WHAT THIS TASK INVOLVES ▸
Beginning at the line that holds "Купила срезанные ландыши", transcribe each line exactly through the end of the records, and leave any pictures out.

-----

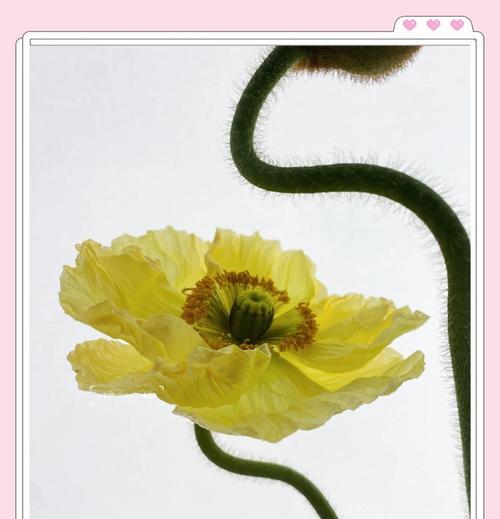 花语虞美人代表什么？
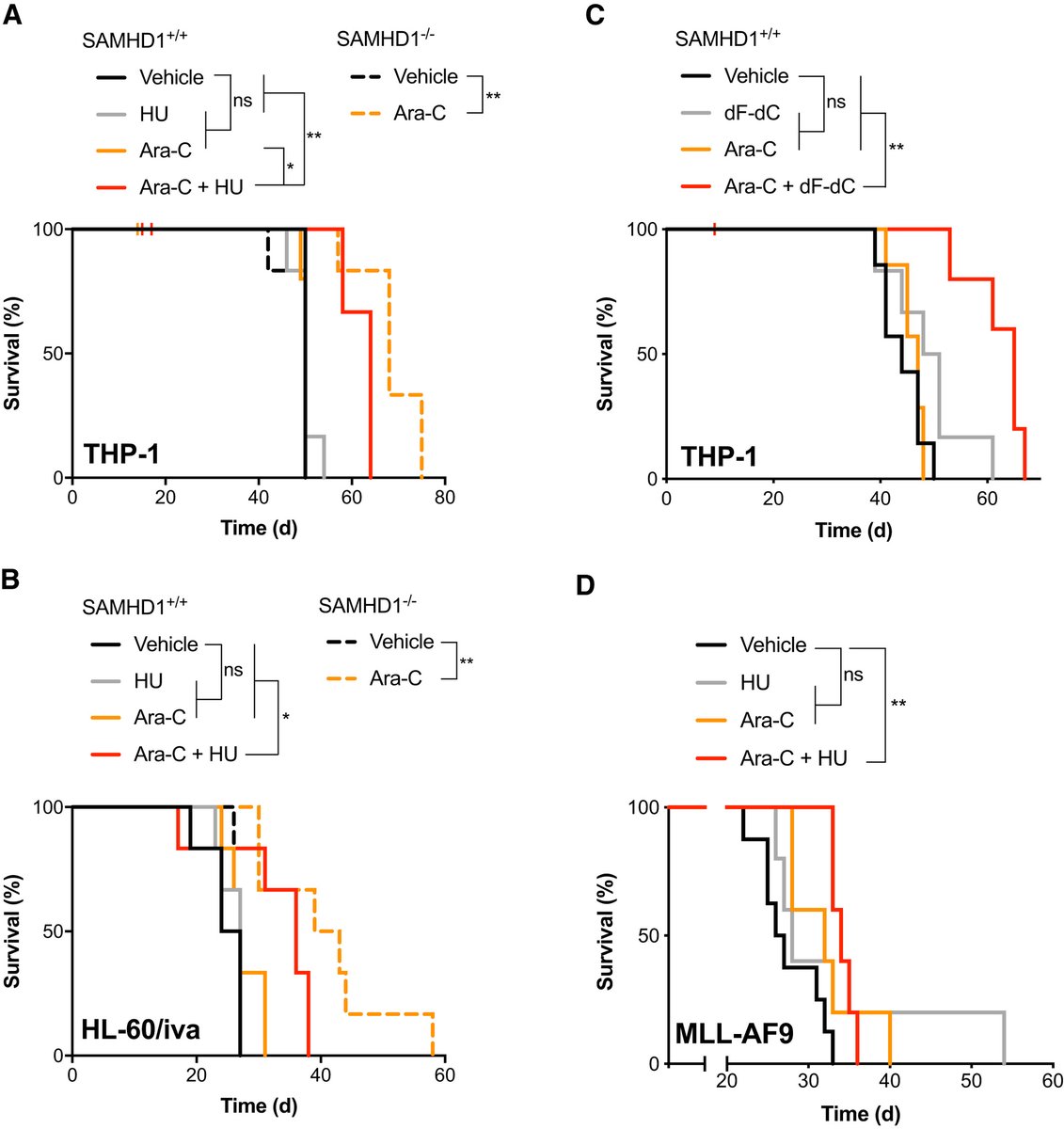 We also evaluated this combination in vivo, such as in a mouse AML model that is fairly resistant to ara-C owing to high SAMHD1 expression, and addition of an RNRi can overcome this barrier to ara-C efficacy without increasing toxicity
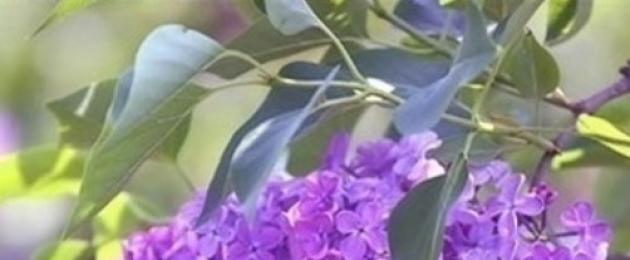 Купила срезанные ландыши можно ли их посадить. Как сохранить срезанные цветы свежими? Уход за цветами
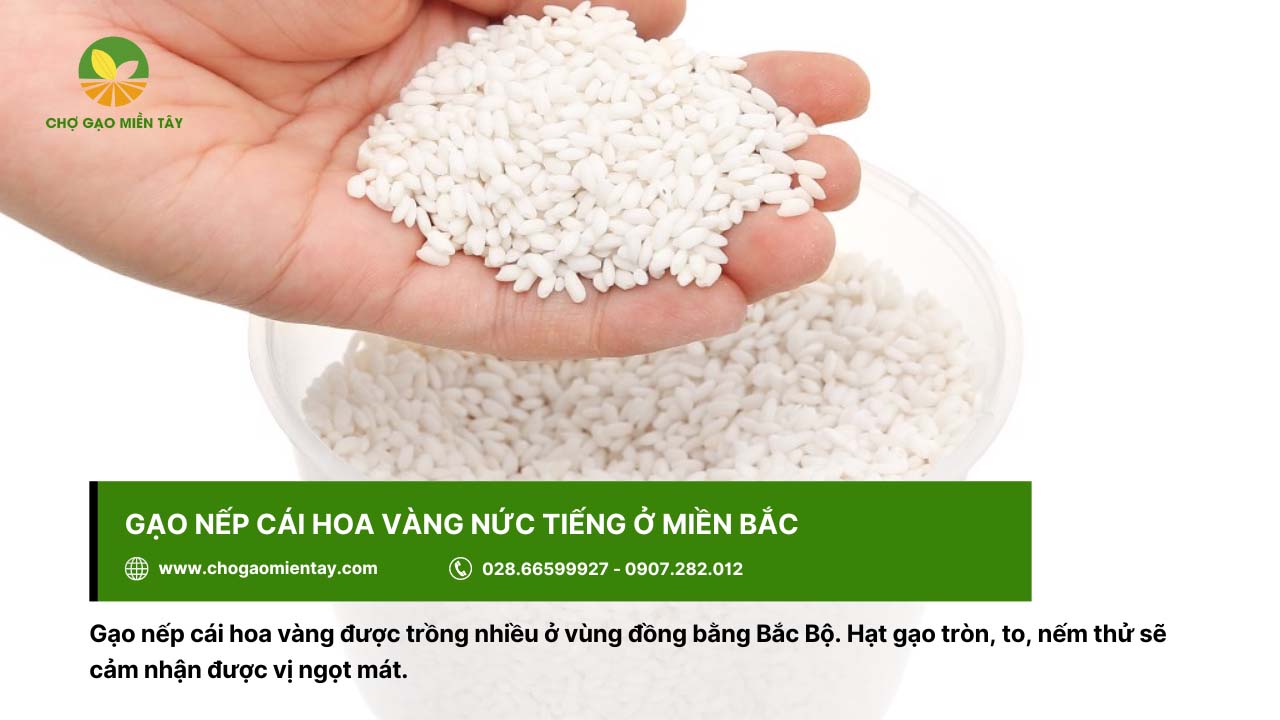 Gạo Nếp giá bao nhiêu? Bảng Giá Gạo Nếp Mới Nhất 2024 6 Gạo nếp cái hoa vàng có vị ngọt mát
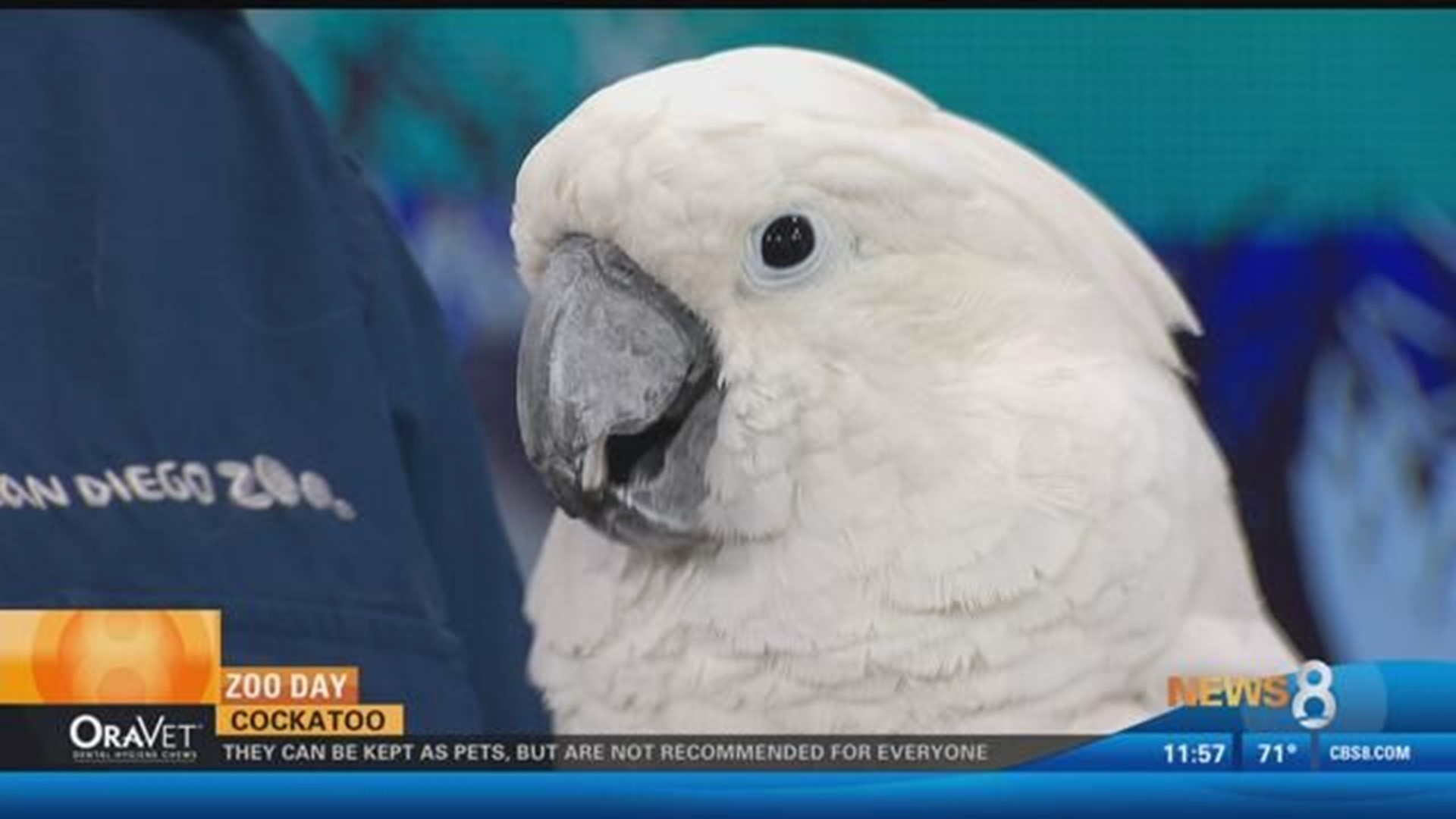 Zoo Day: It's the Cockatoo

-----

ANSWER TO THIS TASK ▸
 Купила срезанные ландыши можно ли их посадить. Как сохранить срезанные цветы свежими? Уход за цветами
 Gạo Nếp giá bao nhiêu? Bảng Giá Gạo Nếp Mới Nhất 2024 6 Gạo nếp cái hoa vàng có vị ngọt mát
 Zoo Day: It's the Cockatoo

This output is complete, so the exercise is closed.